**Dataset content**.
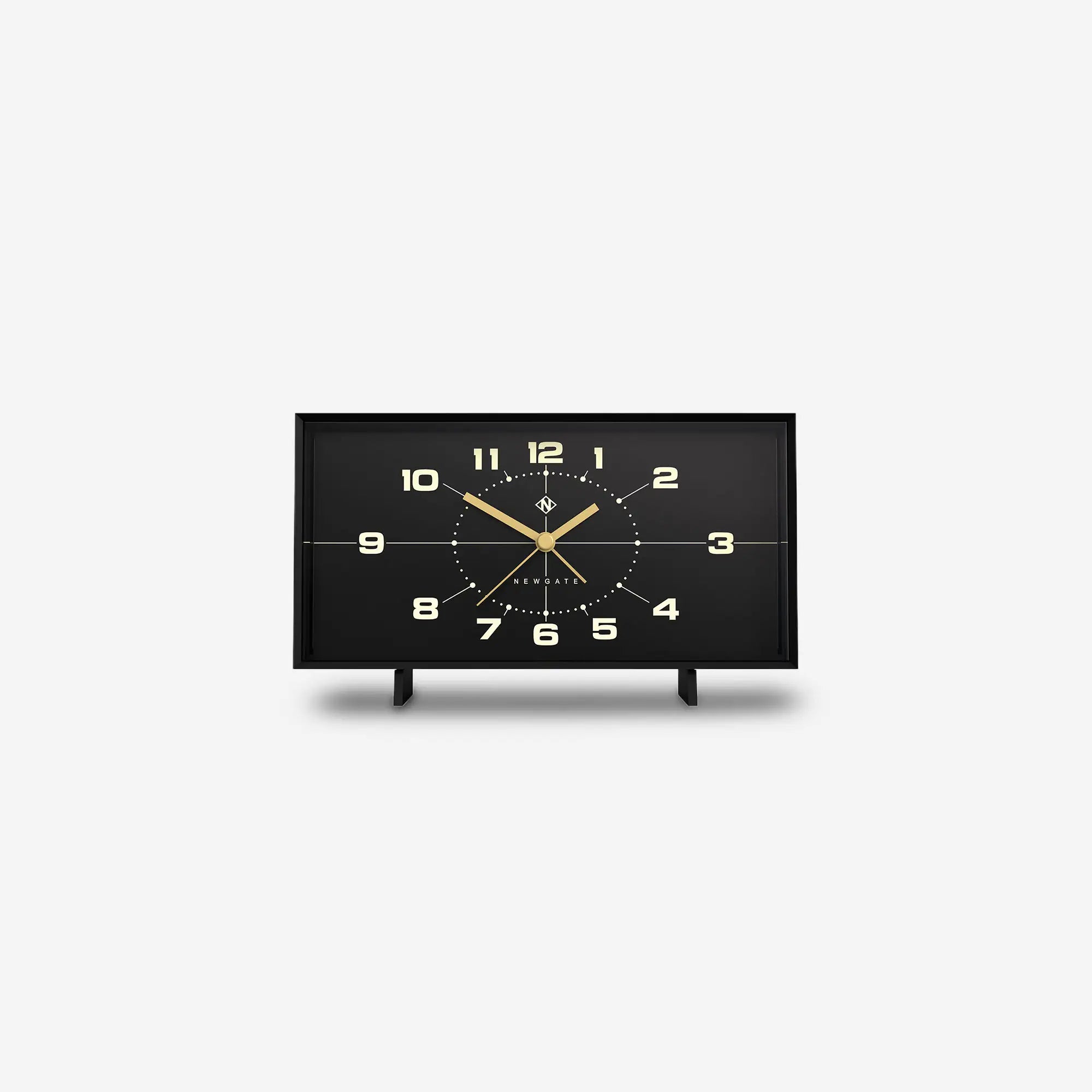 Newgate Wideboy Black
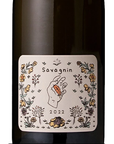 Aymerick Geantet Plume Savagnin 2022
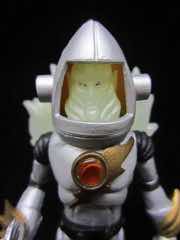 The Outer Space Men, LLC Outer Space Men Cosmic Radiation Inferno Action Figure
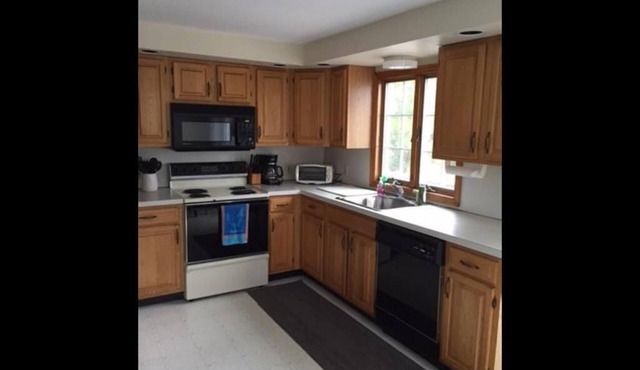 Oceanside. WIFI. Washer & Dryer. Oceanside home in Brant Beach on long beach island new jersey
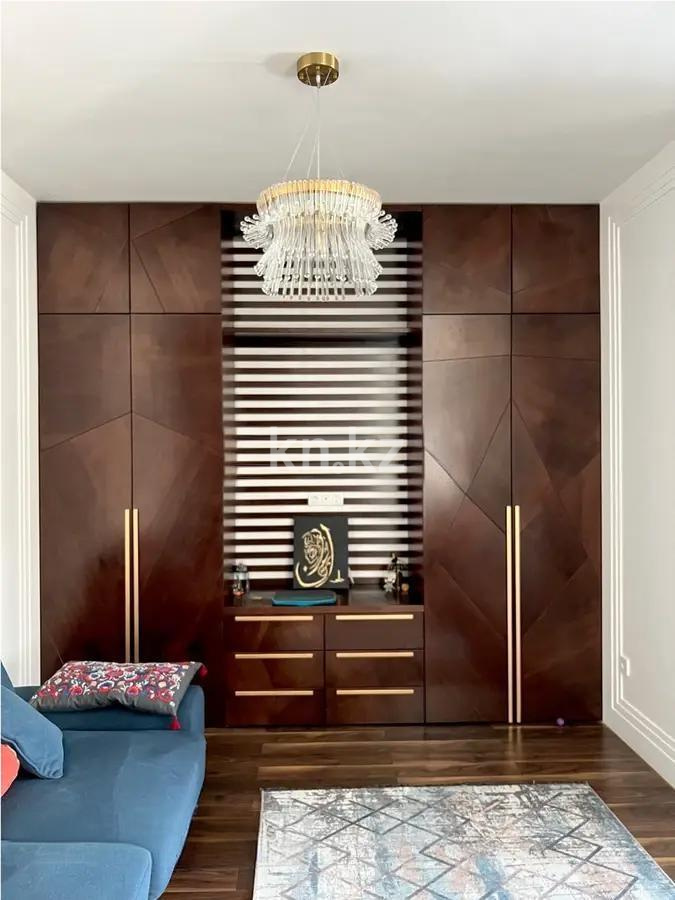 Продажа 3-комнатной квартиры, 65 м², ул. Калдаякова, дом  6 - Продажа квартир в Астане без посредников с фото фото 1 из 6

**Work instruction**.
Restate exactly, and only, the lines from the one that holds "Oceanside. WIFI. Washer" down to the last line of the material above. Omit the pictures.

**Output of the exercise**.
 Oceanside. WIFI. Washer & Dryer. Oceanside home in Brant Beach on long beach island new jersey
 Продажа 3-комнатной квартиры, 65 м², ул. Калдаякова, дом  6 - Продажа квартир в Астане без посредников с фото фото 1 из 6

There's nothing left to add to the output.